Kulmbach

23.04.1942

Das Ehepaar Flörsheim am Vorabend der Deportation.

Anmerkungen

Kulmbach, 23.04.1942
Nathan Flörsheim
Selma Flörsheim
Gelber Stern
Handgepäck

Das Verfolgungsereignis

De­por­ta­ti­on von Kulm­bach nach Kras­nystaw

Am Morgen des 24. April mussten die sieben noch in Kulmbach wohnenden Jüdinnen:Juden aus ihren Wohnungen zum Güterbahnhof gehen. Wer sie bewachte, ist unklar. Am Bahnhof erhielten sie vor-nummerierte „Anhängezettel“ und bestiegen einen Zug nach Bamberg, der in weitem Bogen über Kronach, Coburg und Lichtenfels noch weitere Deportationsopfer aufnahm.

In Bamberg wurden insgesamt 103 Jüdinnen:Juden im überfüllten Gemeindezentrum „Weiße Taube“ untergebracht. Am nächsten Morgen wurden die Menschen von der Gestapo zum Bahnhof getrieben. Dort mussten sie den Sonderzug DA 49 besteigen, der über Saalfeld, Kalisz, Radom und Lublin nach Krasnystaw fuhr.

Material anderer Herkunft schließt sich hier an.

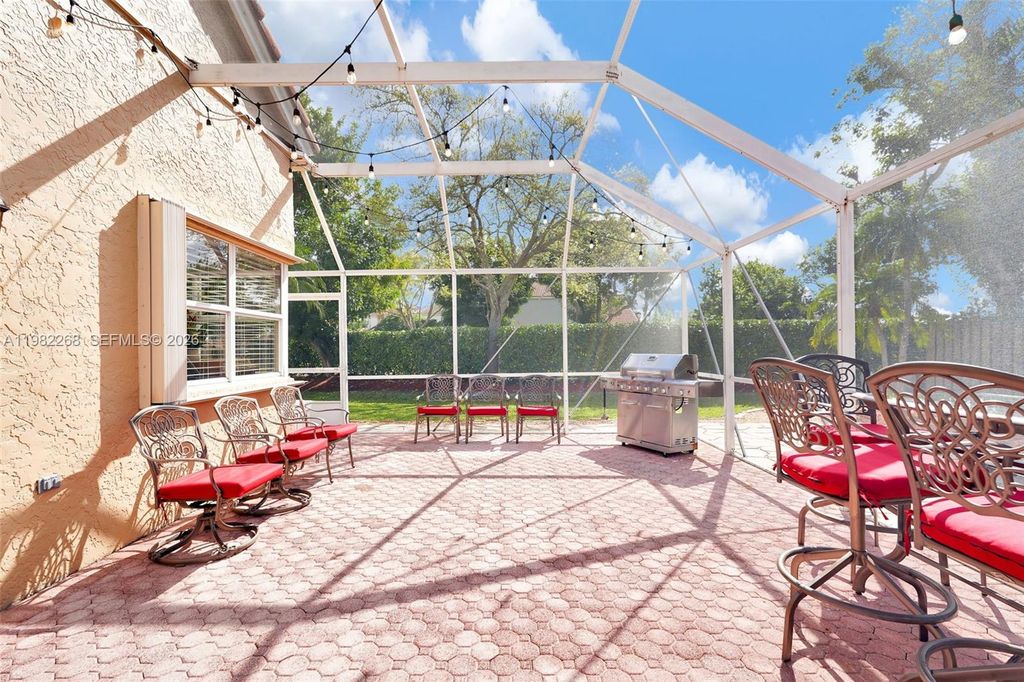 Image 7 of property listing at 2632 Oak Park Cir, Davie, FL 33328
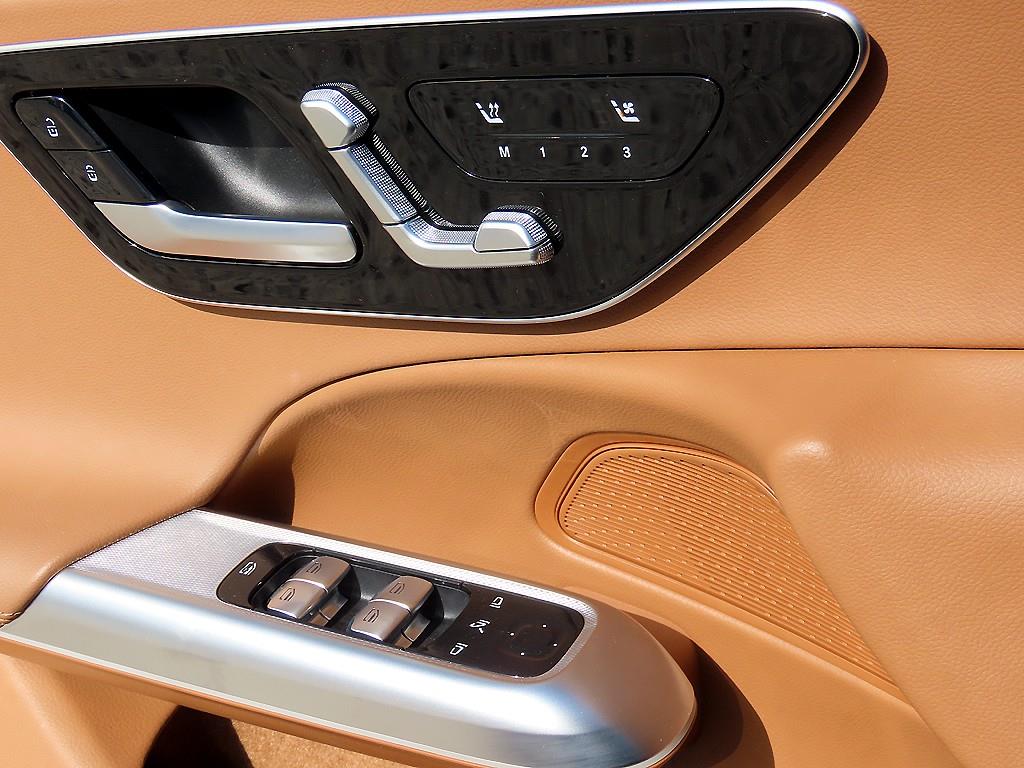 Mercedes Benz E class - Vista 11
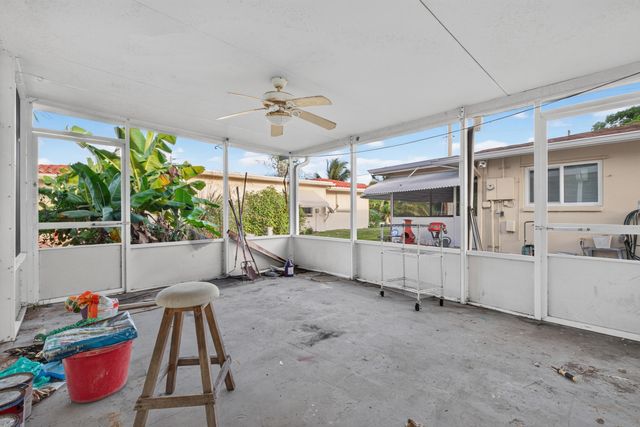 6102 NW 69th Avenue, Tamarac, FL 33321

Von dort aus sind die fränkischen Jüdinnen:Juden im Juli 1942 nach Belzec gebracht und dort ermordet worden.

Keiner der 955 Deportierten überlebte.

Über die Bild­se­rie

Ein Mann und eine Frau stehen in einem einfach eingerichteten Raum und schauen in die Kamera. Der Mann neigt seinen Kopf nach rechts und blickt direkt in die Kamera. Er trägt ein kragenloses Hemd, ein Jackett, an dem eine Uhrenkette – und ein gelber Stern – schimmern. Seine rechte Hand – mit Ehering am Ringfinger – ruht auf einem feldmarschmäßig gepackten Rucksack, der auf einem Stuhl steht. Sorgfältig eingeschlagen ein Kopfkissen, eine eingerollte Decke, ein Kochtopf und-genagelte Stiefel. Die Frau im dunklen Kleid – möglicherweise auch mit Schürze – trägt eine Handtasche und Ohrringe. Sie lächelt.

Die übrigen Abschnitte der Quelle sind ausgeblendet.